Task to carry out:
Using the records below, copy out exactly the line that contains "Summer colourful hawaiian" and every line that follows it, up to and including the last, and no others.

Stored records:
▬▬▬▬▬▬

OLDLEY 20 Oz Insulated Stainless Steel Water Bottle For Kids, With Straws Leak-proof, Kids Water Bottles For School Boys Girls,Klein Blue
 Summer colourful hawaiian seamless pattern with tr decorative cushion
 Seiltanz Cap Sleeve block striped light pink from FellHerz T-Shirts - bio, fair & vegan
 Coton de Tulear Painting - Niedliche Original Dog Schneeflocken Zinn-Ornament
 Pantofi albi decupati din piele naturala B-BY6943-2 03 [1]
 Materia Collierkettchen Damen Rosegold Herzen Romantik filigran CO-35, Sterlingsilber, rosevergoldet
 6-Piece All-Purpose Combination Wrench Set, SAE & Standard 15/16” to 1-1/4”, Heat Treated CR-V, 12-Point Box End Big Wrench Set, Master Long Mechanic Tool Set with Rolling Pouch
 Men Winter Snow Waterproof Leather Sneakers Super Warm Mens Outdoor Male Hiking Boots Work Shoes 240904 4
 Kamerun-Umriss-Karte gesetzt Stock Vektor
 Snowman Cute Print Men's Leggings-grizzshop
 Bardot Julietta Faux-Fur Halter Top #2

▬▬▬▬▬▬

Your solution:
 Summer colourful hawaiian seamless pattern with tr decorative cushion
 Seiltanz Cap Sleeve block striped light pink from FellHerz T-Shirts - bio, fair & vegan
 Coton de Tulear Painting - Niedliche Original Dog Schneeflocken Zinn-Ornament
 Pantofi albi decupati din piele naturala B-BY6943-2 03 [1]
 Materia Collierkettchen Damen Rosegold Herzen Romantik filigran CO-35, Sterlingsilber, rosevergoldet
 6-Piece All-Purpose Combination Wrench Set, SAE & Standard 15/16” to 1-1/4”, Heat Treated CR-V, 12-Point Box End Big Wrench Set, Master Long Mechanic Tool Set with Rolling Pouch
 Men Winter Snow Waterproof Leather Sneakers Super Warm Mens Outdoor Male Hiking Boots Work Shoes 240904 4
 Kamerun-Umriss-Karte gesetzt Stock Vektor
 Snowman Cute Print Men's Leggings-grizzshop
 Bardot Julietta Faux-Fur Halter Top #2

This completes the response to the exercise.